**GIVEN DATA**
....................

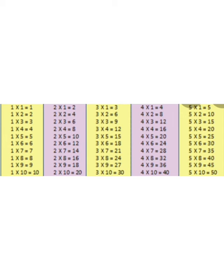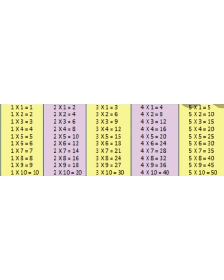5, 1 is 5. 5, 2 is 10. 5, 3 is 15. 5, 4 is 20. 5, 5 is 25. 5, 6 is 30. 5, 7 is 35. 5, 8 is 40. 5, 9 is 45. 5, 10 is 50. Now learn carefully these tables. Thanks for watching this video.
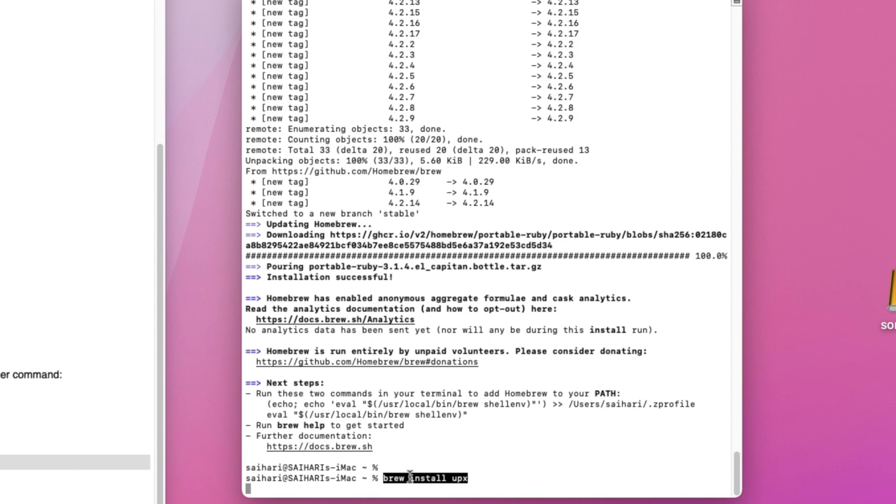After completion, run the following code. BRU install UPEX, then enter. Wait for the command to finish.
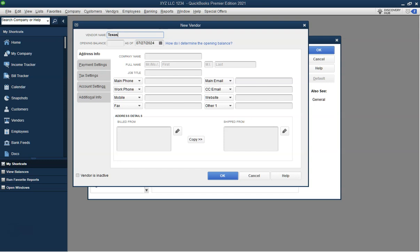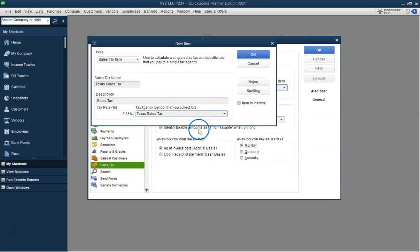Enter a name for the sales tax item such as Texas Sales Tax. Specify the tax rate percentage and select the Tax Agency, which is the vendor collecting the tax. Enter additional details such as the Description.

....................

Begin at the line that contains "After completion, run" and transcribe every line through the end of the listing, exactly as written. Omit the pictures.

After completion, run the following code. BRU install UPEX, then enter. Wait for the command to finish.
Enter a name for the sales tax item such as Texas Sales Tax. Specify the tax rate percentage and select the Tax Agency, which is the vendor collecting the tax. Enter additional details such as the Description.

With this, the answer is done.